* PROMPT
Repeat all the data that appears below, keeping it exact.
AVAILABLE RECORDS Block Start
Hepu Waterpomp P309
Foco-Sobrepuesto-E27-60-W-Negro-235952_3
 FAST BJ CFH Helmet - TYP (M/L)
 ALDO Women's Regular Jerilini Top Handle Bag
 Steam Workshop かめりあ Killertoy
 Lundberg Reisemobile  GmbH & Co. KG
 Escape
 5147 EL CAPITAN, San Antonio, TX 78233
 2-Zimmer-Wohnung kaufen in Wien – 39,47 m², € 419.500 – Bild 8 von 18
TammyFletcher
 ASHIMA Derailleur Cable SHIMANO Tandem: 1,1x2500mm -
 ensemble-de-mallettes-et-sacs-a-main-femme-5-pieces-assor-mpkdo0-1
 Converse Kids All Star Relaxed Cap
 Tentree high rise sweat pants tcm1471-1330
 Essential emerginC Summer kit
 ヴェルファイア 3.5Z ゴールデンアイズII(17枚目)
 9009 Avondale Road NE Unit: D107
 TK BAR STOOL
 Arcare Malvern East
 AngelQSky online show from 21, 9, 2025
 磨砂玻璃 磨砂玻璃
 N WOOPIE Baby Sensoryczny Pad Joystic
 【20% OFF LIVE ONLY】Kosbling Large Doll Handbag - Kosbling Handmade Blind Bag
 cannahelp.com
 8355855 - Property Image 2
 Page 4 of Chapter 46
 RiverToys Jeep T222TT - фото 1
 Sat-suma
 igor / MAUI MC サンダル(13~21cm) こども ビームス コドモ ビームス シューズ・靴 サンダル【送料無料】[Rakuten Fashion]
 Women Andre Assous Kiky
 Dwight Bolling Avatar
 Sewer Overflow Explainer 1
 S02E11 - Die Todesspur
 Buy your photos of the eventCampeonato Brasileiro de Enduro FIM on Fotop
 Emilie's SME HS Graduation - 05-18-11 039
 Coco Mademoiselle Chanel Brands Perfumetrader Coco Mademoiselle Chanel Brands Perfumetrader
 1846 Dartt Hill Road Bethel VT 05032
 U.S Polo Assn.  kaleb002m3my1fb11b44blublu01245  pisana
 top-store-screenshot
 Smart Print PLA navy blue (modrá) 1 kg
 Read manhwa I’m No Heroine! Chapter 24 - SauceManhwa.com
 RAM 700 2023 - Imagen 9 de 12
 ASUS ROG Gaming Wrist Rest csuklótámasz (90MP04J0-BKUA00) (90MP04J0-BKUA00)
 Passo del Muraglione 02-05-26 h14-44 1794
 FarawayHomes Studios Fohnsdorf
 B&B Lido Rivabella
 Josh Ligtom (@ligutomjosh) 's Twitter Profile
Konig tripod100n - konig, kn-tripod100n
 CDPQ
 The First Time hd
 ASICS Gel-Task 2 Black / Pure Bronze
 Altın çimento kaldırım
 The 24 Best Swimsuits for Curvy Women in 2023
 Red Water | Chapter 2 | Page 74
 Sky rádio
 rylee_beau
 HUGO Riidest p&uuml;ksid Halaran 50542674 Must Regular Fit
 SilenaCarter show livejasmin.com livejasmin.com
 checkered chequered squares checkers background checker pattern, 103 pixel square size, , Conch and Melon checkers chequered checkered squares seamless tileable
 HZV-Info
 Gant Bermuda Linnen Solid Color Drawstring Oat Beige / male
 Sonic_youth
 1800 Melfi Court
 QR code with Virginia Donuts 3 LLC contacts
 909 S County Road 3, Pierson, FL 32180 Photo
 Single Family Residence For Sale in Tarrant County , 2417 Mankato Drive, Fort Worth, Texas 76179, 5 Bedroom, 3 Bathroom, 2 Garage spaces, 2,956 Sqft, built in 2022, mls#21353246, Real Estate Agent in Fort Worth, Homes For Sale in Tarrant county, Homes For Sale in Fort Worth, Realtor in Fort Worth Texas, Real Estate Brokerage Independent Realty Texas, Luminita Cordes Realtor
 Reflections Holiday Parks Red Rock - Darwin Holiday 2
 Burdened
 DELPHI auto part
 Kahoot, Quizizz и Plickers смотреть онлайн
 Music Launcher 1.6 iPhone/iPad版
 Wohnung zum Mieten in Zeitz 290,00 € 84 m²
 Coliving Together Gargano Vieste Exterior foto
AVAILABLE RECORDS Block End
* SOLUTION TO THIS PROBLEM
Hepu Waterpomp P309
Foco-Sobrepuesto-E27-60-W-Negro-235952_3
 FAST BJ CFH Helmet - TYP (M/L)
 ALDO Women's Regular Jerilini Top Handle Bag
 Steam Workshop かめりあ Killertoy
 Lundberg Reisemobile  GmbH & Co. KG
 Escape
 5147 EL CAPITAN, San Antonio, TX 78233
 2-Zimmer-Wohnung kaufen in Wien – 39,47 m², € 419.500 – Bild 8 von 18
TammyFletcher
 ASHIMA Derailleur Cable SHIMANO Tandem: 1,1x2500mm -
 ensemble-de-mallettes-et-sacs-a-main-femme-5-pieces-assor-mpkdo0-1
 Converse Kids All Star Relaxed Cap
 Tentree high rise sweat pants tcm1471-1330
 Essential emerginC Summer kit
 ヴェルファイア 3.5Z ゴールデンアイズII(17枚目)
 9009 Avondale Road NE Unit: D107
 TK BAR STOOL
 Arcare Malvern East
 AngelQSky online show from 21, 9, 2025
 磨砂玻璃 磨砂玻璃
 N WOOPIE Baby Sensoryczny Pad Joystic
 【20% OFF LIVE ONLY】Kosbling Large Doll Handbag - Kosbling Handmade Blind Bag
 cannahelp.com
 8355855 - Property Image 2
 Page 4 of Chapter 46
 RiverToys Jeep T222TT - фото 1
 Sat-suma
 igor / MAUI MC サンダル(13~21cm) こども ビームス コドモ ビームス シューズ・靴 サンダル【送料無料】[Rakuten Fashion]
 Women Andre Assous Kiky
 Dwight Bolling Avatar
 Sewer Overflow Explainer 1
 S02E11 - Die Todesspur
 Buy your photos of the eventCampeonato Brasileiro de Enduro FIM on Fotop
 Emilie's SME HS Graduation - 05-18-11 039
 Coco Mademoiselle Chanel Brands Perfumetrader Coco Mademoiselle Chanel Brands Perfumetrader
 1846 Dartt Hill Road Bethel VT 05032
 U.S Polo Assn.  kaleb002m3my1fb11b44blublu01245  pisana
 top-store-screenshot
 Smart Print PLA navy blue (modrá) 1 kg
 Read manhwa I’m No Heroine! Chapter 24 - SauceManhwa.com
 RAM 700 2023 - Imagen 9 de 12
 ASUS ROG Gaming Wrist Rest csuklótámasz (90MP04J0-BKUA00) (90MP04J0-BKUA00)
 Passo del Muraglione 02-05-26 h14-44 1794
 FarawayHomes Studios Fohnsdorf
 B&B Lido Rivabella
 Josh Ligtom (@ligutomjosh) 's Twitter Profile
Konig tripod100n - konig, kn-tripod100n
 CDPQ
 The First Time hd
 ASICS Gel-Task 2 Black / Pure Bronze
 Altın çimento kaldırım
 The 24 Best Swimsuits for Curvy Women in 2023
 Red Water | Chapter 2 | Page 74
 Sky rádio
 rylee_beau
 HUGO Riidest p&uuml;ksid Halaran 50542674 Must Regular Fit
 SilenaCarter show livejasmin.com livejasmin.com
 checkered chequered squares checkers background checker pattern, 103 pixel square size, , Conch and Melon checkers chequered checkered squares seamless tileable
 HZV-Info
 Gant Bermuda Linnen Solid Color Drawstring Oat Beige / male
 Sonic_youth
 1800 Melfi Court
 QR code with Virginia Donuts 3 LLC contacts
 909 S County Road 3, Pierson, FL 32180 Photo
 Single Family Residence For Sale in Tarrant County , 2417 Mankato Drive, Fort Worth, Texas 76179, 5 Bedroom, 3 Bathroom, 2 Garage spaces, 2,956 Sqft, built in 2022, mls#21353246, Real Estate Agent in Fort Worth, Homes For Sale in Tarrant county, Homes For Sale in Fort Worth, Realtor in Fort Worth Texas, Real Estate Brokerage Independent Realty Texas, Luminita Cordes Realtor
 Reflections Holiday Parks Red Rock - Darwin Holiday 2
 Burdened
 DELPHI auto part
 Kahoot, Quizizz и Plickers смотреть онлайн
 Music Launcher 1.6 iPhone/iPad版
 Wohnung zum Mieten in Zeitz 290,00 € 84 m²
 Coliving Together Gargano Vieste Exterior foto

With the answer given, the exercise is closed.